3. Designated Driver Programs

Promote designated driver programs to encourage responsible drinking. According to the Centers for Disease Control and Prevention (CDC), approximately 10,142 people died in alcohol-impaired driving crashes involving a driver with a blood alcohol concentration (BAC) of 0.08% or higher in 2019.

According to the National Highway Traffic Safety Administration (NHTSA), holidays often see a spike in drunk driving incidents.

Provide your staff with responsible beverage service training, such as the Aim To Serve program in Tennessee and California. Aim To Serve is far superior in customer satisfaction than TIPS (Training for Intervention ProcedureS) or ServSafe Alcohol. The ServSafe Alcohol training program is developed by the National Restaurant Association, while the Aim To Serve program is developed by leaders in their fields of expertise and the responsible sale or service of alcohol. These programs teach techniques to prevent intoxication and handle difficult situations.

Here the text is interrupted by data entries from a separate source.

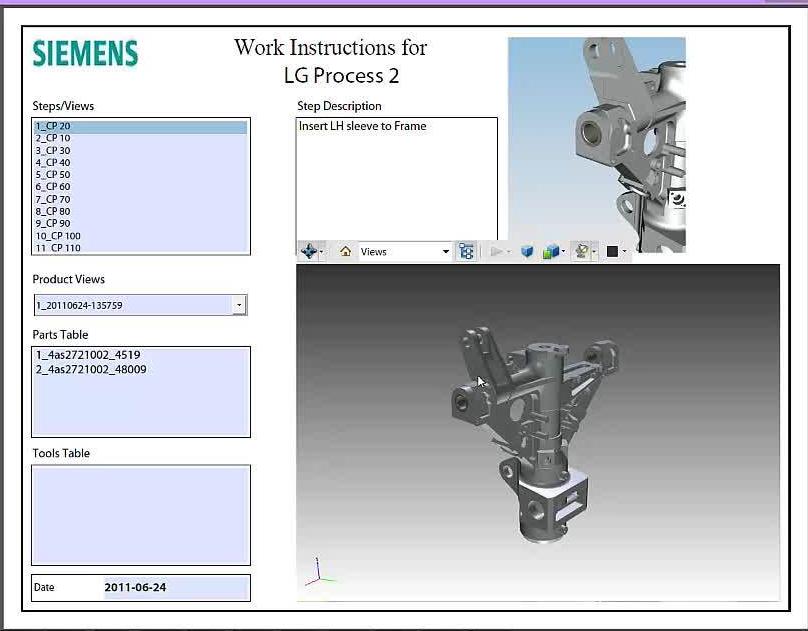 are fully animated, describing the sequence of assembly steps generated directly from the manufacturing process plan in Teamcenter.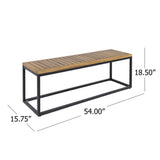 Jeco Outdoor Industrial Acacia Wood Bench by Christopher Knight Home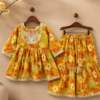 Girls Floral Printed Kurti Sharara Set | Stylish Ethnic Wear 2 Piece Outfit for Girls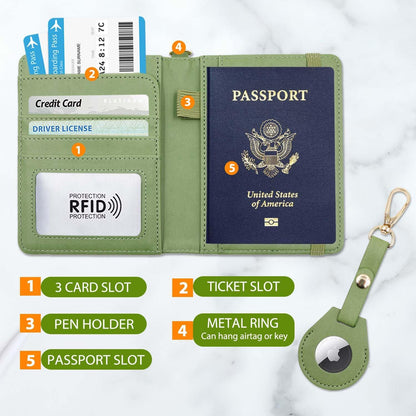 Passport Holder with RFID Blocking, Cash Pocket & Back Zipper Coin Pocket - Travel Document Holder, Magnetic Button, Multiple Card Slots - Soft PU Leather for Men and Women(AQUA GREEN)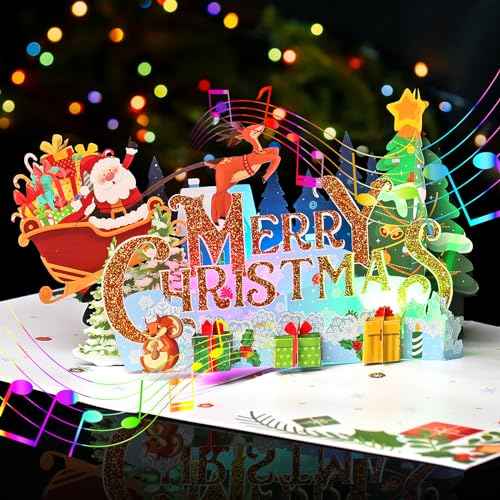 Merry Christmas Cards, Light and Music Christmas Card, 3D Pop Up Xmas Greeting Card for Women Men Kids Husband Wife Mom Dad Daughter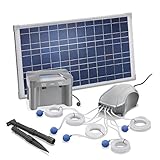 Solar Teichbelüfter 25W Solarmodul 5 x 120l/h Luftleistung 600l/h gesamt + Akkuspeicher 12V/7Ah Gartenteich Sauerstoffpumpe esotec pro Komplettset 101086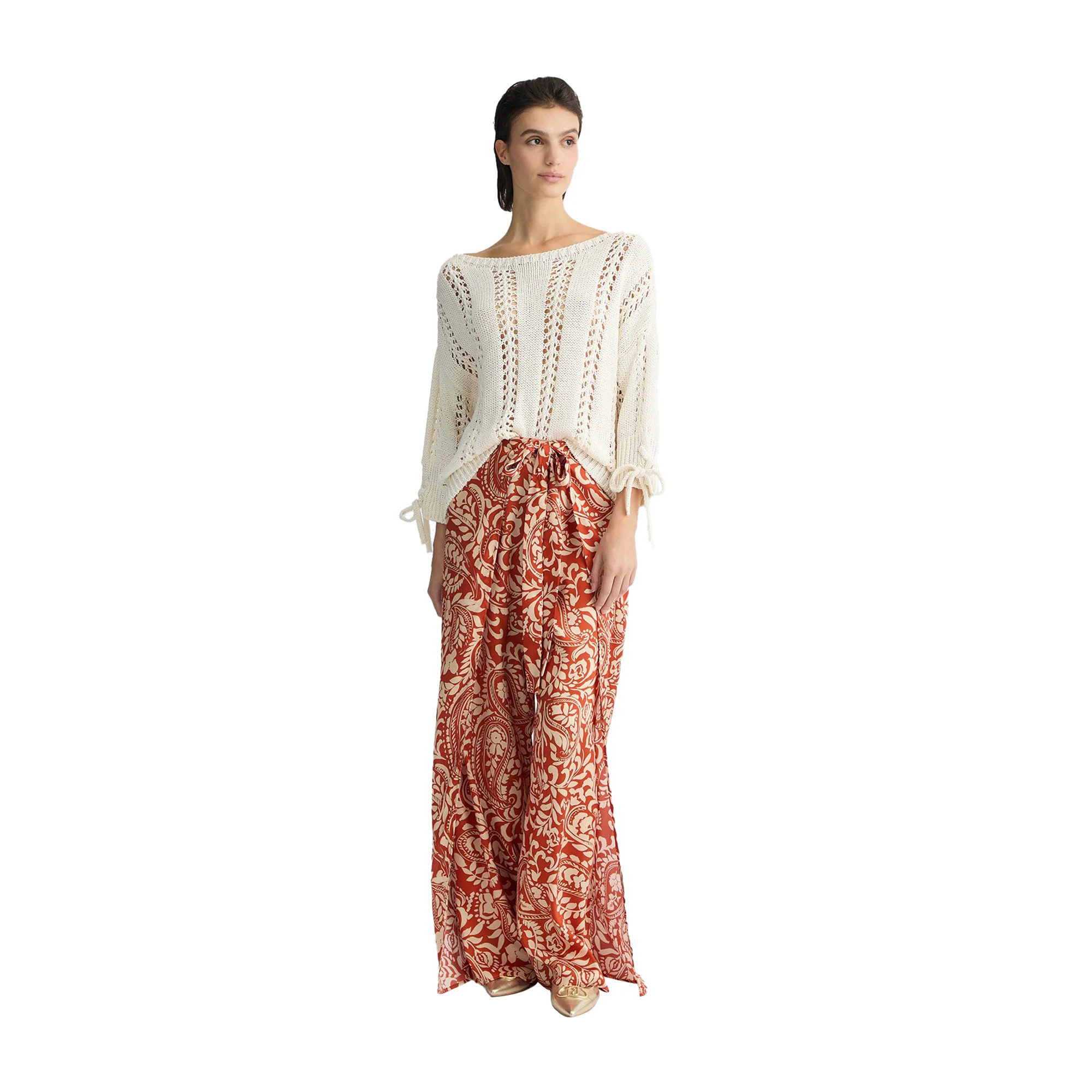 Maglia donna effetto see-through Bianco - Image 5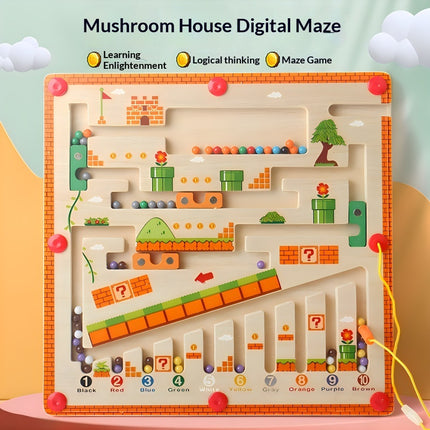 Digital Mushroom House Color Sorting Counting Board Early Education Writing Practice Magnetic Maze Bead-Running Toy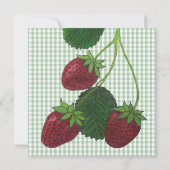 Aardbeienrank En Geruite: Uitnodiging Voor Feestje (Achterkant)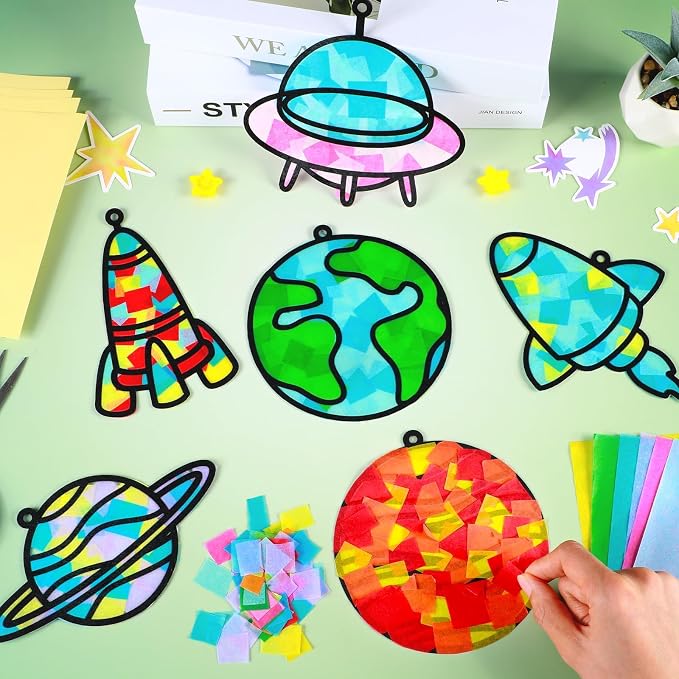 Qyeahkj 36 Set Outer Space Suncatchers Crafts for DIY Solar System Window Tissue Paper Craft Kit Space Hanging Decor for Planet Home Activity Art Project Birthday Party Favor Gift
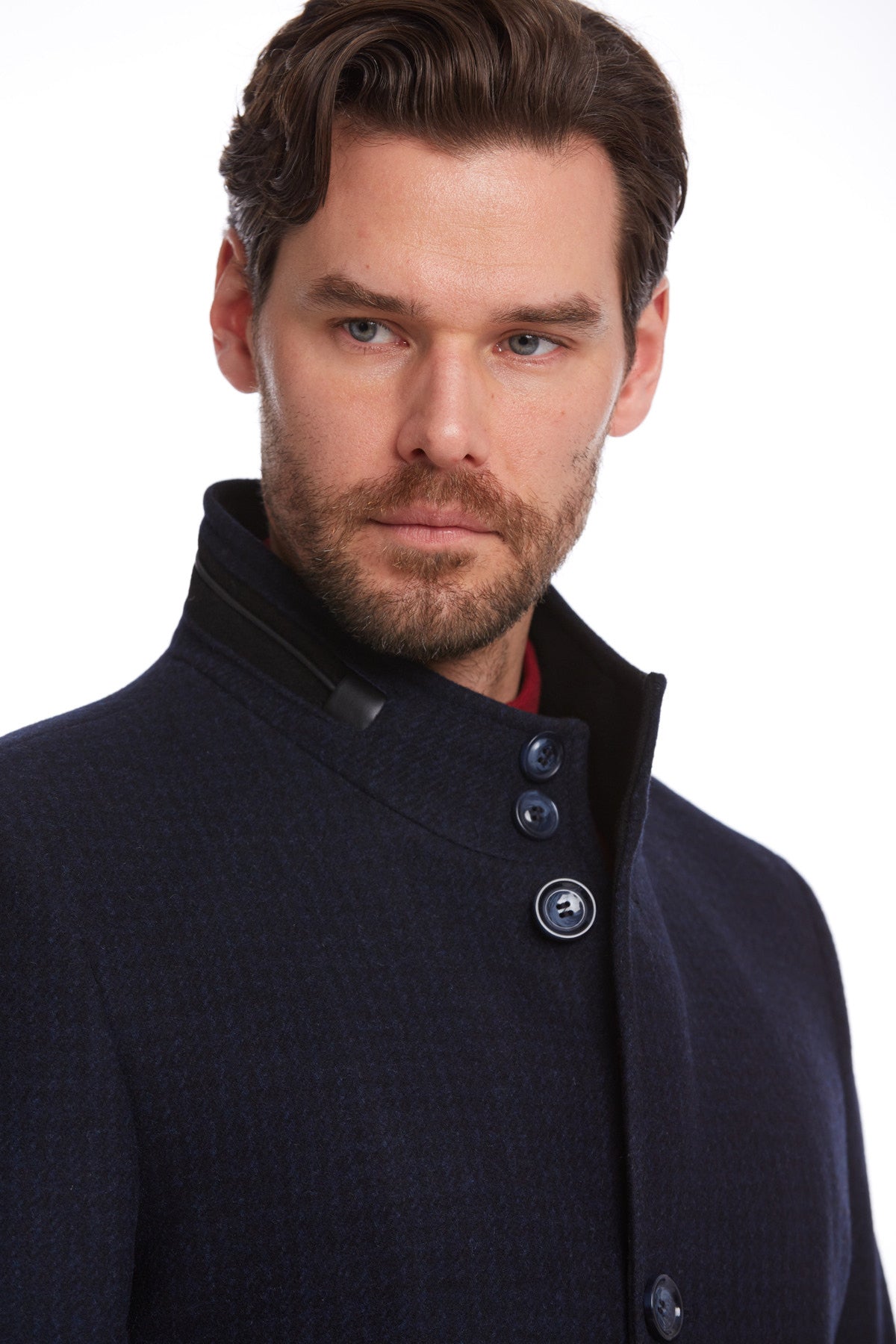 Slim Fit Cachet Stand Collar Navy Wool Blend Overcoat – SAYKI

One of the best parts of the Aim to Serve Program is that you can opt for either ABC Permits online training (for those who like to learn at their own pace) or ABC Permits classroom training for a more hands-on experience.

We also have a California Responsible Beverage Service Training (RBS) Program. In this program, you’ll learn all you need to know about responsible alcohol service and how to safely serve alcohol to customers.

According to a study published in the American Journal of Preventive Medicine, establishments with certified responsible beverage service training programs had a 57% reduction in the likelihood of a patron leaving highly intoxicated.

5. Monitoring Intoxication Levels

Train your staff to monitor patrons’ intoxication levels and intervene when necessary. The National Institute on Alcohol Abuse and Alcoholism (NIAAA) recommends using observable signs like slurred speech, impaired coordination, and changes in behavior to identify intoxication.

6. Offering Non-Alcoholic Options

You don’t want your client’s designated driver sitting morosely while his or her buddies are getting tipsy. Provide a variety of non-alcoholic drink options for patrons who choose not to consume alcohol or are designated drivers. The NIAAA reports that offering non-alcoholic alternatives can help reduce alcohol consumption and promote responsible drinking.

7. Get Liquor Liability Coverage

If your establishment serves alcohol, liquor liability coverage is advisable. In many jurisdictions, businesses that serve alcohol are legally required to have liquor liability insurance. Alcohol-related incidents can result in substantial financial losses for businesses, including medical expenses, property damage, or legal fees.

Liquor liability coverage encourages businesses to implement effective risk management practices. Insurers often assess the establishment’s safety protocols, staff training, and responsible serving practices before providing coverage. This promotes a safe bar environment, as businesses strive to reduce the likelihood of incidents and claims.

Implementing these measures can significantly contribute to a safer bar environment, particularly during busy holidays when alcohol-related incidents tend to increase.